Caption-style text data ::
┄┄┄┄┄┄
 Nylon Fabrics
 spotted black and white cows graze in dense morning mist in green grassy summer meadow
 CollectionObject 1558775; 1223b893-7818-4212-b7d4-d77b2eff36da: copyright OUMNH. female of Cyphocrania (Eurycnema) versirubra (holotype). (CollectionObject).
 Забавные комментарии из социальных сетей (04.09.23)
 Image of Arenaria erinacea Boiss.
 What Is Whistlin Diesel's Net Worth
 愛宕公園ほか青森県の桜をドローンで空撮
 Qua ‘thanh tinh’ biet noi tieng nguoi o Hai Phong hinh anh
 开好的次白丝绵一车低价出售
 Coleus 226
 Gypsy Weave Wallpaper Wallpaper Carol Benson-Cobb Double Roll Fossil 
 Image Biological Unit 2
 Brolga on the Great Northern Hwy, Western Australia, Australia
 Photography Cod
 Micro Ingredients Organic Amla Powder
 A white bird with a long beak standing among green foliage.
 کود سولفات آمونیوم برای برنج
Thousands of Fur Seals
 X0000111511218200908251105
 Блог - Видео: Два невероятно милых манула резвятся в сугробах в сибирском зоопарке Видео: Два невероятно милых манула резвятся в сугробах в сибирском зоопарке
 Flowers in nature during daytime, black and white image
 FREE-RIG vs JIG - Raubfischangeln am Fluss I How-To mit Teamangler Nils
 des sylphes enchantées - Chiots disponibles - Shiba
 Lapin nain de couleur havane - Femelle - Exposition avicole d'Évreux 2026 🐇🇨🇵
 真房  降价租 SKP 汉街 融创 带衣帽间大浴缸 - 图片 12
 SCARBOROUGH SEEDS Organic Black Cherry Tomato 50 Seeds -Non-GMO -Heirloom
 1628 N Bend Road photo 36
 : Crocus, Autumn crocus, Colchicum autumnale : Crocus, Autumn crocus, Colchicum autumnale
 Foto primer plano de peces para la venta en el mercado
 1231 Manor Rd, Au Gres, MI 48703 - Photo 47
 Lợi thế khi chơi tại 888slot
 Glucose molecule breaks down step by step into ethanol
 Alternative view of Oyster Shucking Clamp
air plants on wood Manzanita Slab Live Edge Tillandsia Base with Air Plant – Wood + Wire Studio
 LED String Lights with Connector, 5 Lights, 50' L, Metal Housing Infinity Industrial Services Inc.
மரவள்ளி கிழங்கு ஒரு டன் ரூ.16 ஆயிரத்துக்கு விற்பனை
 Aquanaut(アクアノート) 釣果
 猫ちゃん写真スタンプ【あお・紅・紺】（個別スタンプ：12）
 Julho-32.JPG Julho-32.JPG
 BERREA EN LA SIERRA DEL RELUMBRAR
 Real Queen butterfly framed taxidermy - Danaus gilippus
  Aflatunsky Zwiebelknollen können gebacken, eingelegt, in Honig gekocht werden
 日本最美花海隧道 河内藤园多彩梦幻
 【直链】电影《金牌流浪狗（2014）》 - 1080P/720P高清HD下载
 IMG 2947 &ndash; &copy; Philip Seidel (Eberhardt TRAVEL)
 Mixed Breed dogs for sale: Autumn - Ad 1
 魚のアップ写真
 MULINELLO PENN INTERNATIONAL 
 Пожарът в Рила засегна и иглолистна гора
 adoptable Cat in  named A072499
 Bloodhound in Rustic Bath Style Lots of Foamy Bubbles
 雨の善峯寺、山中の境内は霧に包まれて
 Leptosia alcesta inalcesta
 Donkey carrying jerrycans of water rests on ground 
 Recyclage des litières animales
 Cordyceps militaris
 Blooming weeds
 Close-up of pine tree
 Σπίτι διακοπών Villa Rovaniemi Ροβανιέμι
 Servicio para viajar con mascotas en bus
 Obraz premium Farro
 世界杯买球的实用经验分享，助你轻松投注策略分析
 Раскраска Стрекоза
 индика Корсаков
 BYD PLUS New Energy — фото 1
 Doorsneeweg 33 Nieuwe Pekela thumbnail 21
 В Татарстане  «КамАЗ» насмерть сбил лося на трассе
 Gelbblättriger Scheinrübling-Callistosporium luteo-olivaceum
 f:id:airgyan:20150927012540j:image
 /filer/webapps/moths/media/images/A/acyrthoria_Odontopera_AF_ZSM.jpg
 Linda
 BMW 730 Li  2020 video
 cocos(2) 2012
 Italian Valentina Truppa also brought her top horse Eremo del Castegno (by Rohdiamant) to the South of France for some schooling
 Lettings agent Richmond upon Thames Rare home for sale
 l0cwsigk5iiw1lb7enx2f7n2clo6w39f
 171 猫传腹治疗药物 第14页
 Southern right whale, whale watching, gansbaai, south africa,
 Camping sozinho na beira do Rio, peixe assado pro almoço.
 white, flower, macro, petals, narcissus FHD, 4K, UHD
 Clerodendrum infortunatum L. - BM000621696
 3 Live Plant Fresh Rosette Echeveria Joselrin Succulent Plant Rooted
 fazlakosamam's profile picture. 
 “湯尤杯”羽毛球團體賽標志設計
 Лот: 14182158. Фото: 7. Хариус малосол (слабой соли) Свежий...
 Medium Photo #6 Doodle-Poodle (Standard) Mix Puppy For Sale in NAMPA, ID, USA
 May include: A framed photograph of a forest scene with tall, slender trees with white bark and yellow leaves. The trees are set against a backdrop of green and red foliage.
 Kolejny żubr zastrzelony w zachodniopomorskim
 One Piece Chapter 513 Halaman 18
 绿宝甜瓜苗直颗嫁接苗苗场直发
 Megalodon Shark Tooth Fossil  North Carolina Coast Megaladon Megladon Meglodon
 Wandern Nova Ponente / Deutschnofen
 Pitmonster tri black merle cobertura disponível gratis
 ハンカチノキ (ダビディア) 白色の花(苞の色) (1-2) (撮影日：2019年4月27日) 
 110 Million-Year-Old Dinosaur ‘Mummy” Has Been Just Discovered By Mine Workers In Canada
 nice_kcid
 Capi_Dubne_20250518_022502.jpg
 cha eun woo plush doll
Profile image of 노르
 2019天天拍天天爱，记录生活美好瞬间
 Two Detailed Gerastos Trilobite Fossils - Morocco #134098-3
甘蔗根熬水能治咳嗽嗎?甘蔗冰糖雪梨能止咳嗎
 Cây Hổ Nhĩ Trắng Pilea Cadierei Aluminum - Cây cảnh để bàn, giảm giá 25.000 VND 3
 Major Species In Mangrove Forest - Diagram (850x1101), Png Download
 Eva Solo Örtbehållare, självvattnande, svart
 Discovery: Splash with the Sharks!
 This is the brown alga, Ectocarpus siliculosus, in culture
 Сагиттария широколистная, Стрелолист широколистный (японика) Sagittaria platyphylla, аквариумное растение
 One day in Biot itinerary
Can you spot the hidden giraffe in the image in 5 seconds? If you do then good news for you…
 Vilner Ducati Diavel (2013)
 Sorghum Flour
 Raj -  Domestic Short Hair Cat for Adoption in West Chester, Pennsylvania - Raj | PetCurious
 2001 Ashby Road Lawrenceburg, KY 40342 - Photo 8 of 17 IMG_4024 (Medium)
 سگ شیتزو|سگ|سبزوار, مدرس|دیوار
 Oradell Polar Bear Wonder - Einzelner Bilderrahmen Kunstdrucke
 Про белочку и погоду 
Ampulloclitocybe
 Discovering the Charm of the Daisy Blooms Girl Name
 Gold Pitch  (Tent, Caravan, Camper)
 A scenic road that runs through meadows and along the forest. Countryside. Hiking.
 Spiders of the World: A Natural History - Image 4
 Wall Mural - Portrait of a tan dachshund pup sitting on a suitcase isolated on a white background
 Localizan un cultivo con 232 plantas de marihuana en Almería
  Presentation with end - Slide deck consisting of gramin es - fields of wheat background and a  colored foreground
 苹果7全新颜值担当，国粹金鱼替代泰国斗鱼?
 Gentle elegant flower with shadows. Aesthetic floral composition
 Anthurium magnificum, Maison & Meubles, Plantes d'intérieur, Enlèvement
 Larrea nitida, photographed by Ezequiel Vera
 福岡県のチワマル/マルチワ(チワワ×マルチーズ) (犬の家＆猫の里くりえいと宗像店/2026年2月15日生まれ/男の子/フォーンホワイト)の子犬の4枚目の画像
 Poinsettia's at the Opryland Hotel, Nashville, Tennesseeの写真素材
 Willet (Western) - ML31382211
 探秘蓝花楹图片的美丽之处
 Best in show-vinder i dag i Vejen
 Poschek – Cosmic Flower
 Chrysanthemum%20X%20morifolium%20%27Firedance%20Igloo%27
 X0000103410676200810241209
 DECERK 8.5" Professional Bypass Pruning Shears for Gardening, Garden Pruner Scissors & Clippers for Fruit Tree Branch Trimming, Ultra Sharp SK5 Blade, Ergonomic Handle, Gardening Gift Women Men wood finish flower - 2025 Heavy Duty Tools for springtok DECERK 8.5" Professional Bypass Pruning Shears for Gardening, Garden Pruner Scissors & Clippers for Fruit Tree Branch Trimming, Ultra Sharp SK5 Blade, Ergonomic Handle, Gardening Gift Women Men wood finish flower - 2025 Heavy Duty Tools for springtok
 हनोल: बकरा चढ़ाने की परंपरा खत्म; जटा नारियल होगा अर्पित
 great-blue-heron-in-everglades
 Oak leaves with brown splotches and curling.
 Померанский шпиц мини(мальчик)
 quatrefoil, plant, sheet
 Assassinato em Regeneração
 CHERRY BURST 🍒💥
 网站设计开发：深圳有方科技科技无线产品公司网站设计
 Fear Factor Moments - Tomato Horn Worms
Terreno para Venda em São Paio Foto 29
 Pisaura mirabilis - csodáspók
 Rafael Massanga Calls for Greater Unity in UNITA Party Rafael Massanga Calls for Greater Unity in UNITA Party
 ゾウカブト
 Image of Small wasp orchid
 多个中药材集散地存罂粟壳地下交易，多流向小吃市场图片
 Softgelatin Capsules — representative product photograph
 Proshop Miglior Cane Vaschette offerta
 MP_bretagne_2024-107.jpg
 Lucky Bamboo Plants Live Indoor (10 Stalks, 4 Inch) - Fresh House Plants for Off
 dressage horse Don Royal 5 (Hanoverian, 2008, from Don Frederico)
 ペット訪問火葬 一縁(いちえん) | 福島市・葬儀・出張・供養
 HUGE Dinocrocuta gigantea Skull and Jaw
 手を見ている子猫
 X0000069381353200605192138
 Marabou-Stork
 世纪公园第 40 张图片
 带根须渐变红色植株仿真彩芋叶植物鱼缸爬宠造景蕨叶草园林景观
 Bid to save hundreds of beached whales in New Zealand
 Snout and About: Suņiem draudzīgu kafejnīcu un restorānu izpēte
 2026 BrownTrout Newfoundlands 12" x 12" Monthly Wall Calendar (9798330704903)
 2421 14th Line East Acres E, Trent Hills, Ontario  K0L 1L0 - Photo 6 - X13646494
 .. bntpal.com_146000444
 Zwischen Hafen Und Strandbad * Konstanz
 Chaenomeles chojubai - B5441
┄┄┄┄┄┄
What is needed :: Could you reproduce, exactly, every line above from the line with "Сагиттария широколистная, Стрелолист" to the line with "Wall Mural - Portrait", and no other line? Both ends count.

Response box ::
 Сагиттария широколистная, Стрелолист широколистный (японика) Sagittaria platyphylla, аквариумное растение
 One day in Biot itinerary
Can you spot the hidden giraffe in the image in 5 seconds? If you do then good news for you…
 Vilner Ducati Diavel (2013)
 Sorghum Flour
 Raj -  Domestic Short Hair Cat for Adoption in West Chester, Pennsylvania - Raj | PetCurious
 2001 Ashby Road Lawrenceburg, KY 40342 - Photo 8 of 17 IMG_4024 (Medium)
 سگ شیتزو|سگ|سبزوار, مدرس|دیوار
 Oradell Polar Bear Wonder - Einzelner Bilderrahmen Kunstdrucke
 Про белочку и погоду 
Ampulloclitocybe
 Discovering the Charm of the Daisy Blooms Girl Name
 Gold Pitch  (Tent, Caravan, Camper)
 A scenic road that runs through meadows and along the forest. Countryside. Hiking.
 Spiders of the World: A Natural History - Image 4
 Wall Mural - Portrait of a tan dachshund pup sitting on a suitcase isolated on a white background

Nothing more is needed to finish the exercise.